Our study had a number of advantages. It was the largest reported study in the literature on patients with NIFTP. It was population-based in a universal health care system with a very high capture rate of health care events. Our study also provided valuable information on how this new diagnostic entity may be interpreted in the real world with a large population for which most thyroidectomy specimens were not being reviewed by academic endocrine anatomic pathologists. The extensive and thorough review of the pathology reports by expert thyroid abstractors strengthened our results. Our study also had internal validity given the differences in DFS between the NIFTP and FVPTC groups, which were sustained after control was used for pathology report quality. Even in quaternary centers, the entire tumor capsule may not be assessed given how tedious this can be for both the pathology technician and the pathologist. Furthermore, even in scenarios with full tumor capsule assessment, poor interrater reliability exists among pathologists concerning the definition of tumor capsular invasion, which can be subtle and difficult to assess.17 Therefore, our study, using population-based data, demonstrated the potential for misclassification of FVPTC into the NIFTP category.

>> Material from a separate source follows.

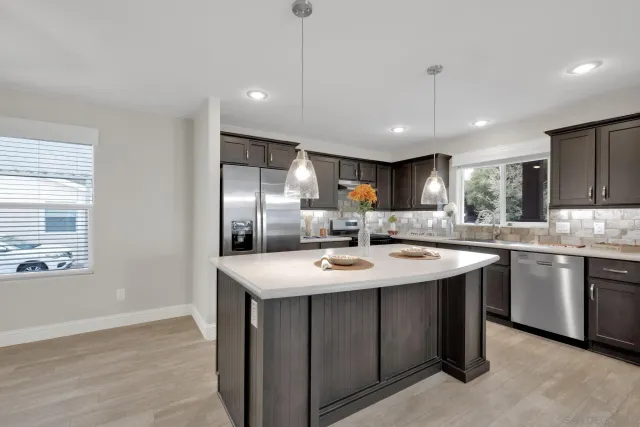 a kitchen with stainless steel appliances granite countertop a sink a stove and a refrigerator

These data must be interpreted in the context of the study design. The most important limitation of this study was that it based our definition of NIFTP on a thorough review of pathology reports. We did not have access to the slides, and a formal pathology slide review was not possible. However, a very conservative criterion for classifying NIFTP and expert pathology review abstraction was applied. Our findings are strikingly similar to those of other groups regarding the non-zero recurrence rate in this population.18,20,21 Furthermore, other groups studying reclassification of this patient population through pathology review have used slides that frequently did not fully assess the entire tumor capsule, and this equally limited the accuracy of those studies in relation to our study.15,16

Removing the word “cancer” from a neoplasm that has a potential misclassification error and metastatic potential may result in undertreatment and inadequate surveillance. We therefore recommend caution about this diagnosis until further research demonstrates its widespread safety. Our recommendation is based on the following facts: (1) NIFTP is likely to undergo further changes to its diagnostic criteria, (2) the small retrospective studies that have demonstrated the zero recurrence rate all have been performed at quaternary centers, (3) there is significant risk of misclassification, particularly if the entire tumor capsule is not assessed, as is the case at most centers, and (4) the malignant potential, even in cases that have been confirmed as NIFTP with full tumor capsule assessment, has been demonstrated. Even if the entire tumor capsule is assessed, unless the neoplasm is completed (“breadloafed”), there continues to be the risk of misclassification, particularly for large nodules. During the implementation phase of this new diagnosis, increased training and communication between academic and nonacademic pathologists and the increasing use of pathology review may prevent misclassification. The NIFTP diagnosis is challenging for the pathologist, and this may make tumor behavior difficult to predict for this entity. Ultimately, molecular testing may be required to differentiate between NIFTP and FVPTC with higher reliability and accuracy than the current diagnostic criteria allows, although this currently would be prohibitively expensive.

The implications of reclassifying NIFTP as a nonmalignant disease could have significant unintended consequences, including the fact that cancer agencies may not continue collecting incidence and outcomes data at a cancer registry level. We recommend that these tumors be captured in cancer registries to assist with future study of this entity as we work toward de-escalating the management of thyroid nodules and cancers.

In conclusion, NIFTPs comprise approximately 16.8% of WDTCs in Ontario. They are associated with a 9.4% disease failure rate, in keeping with other recent reports. Therefore, further prospective and population-based studies are required to understand better the implications of this new diagnostic category. Until these studies are available, caution should be used in the management of patients with an NIFTP.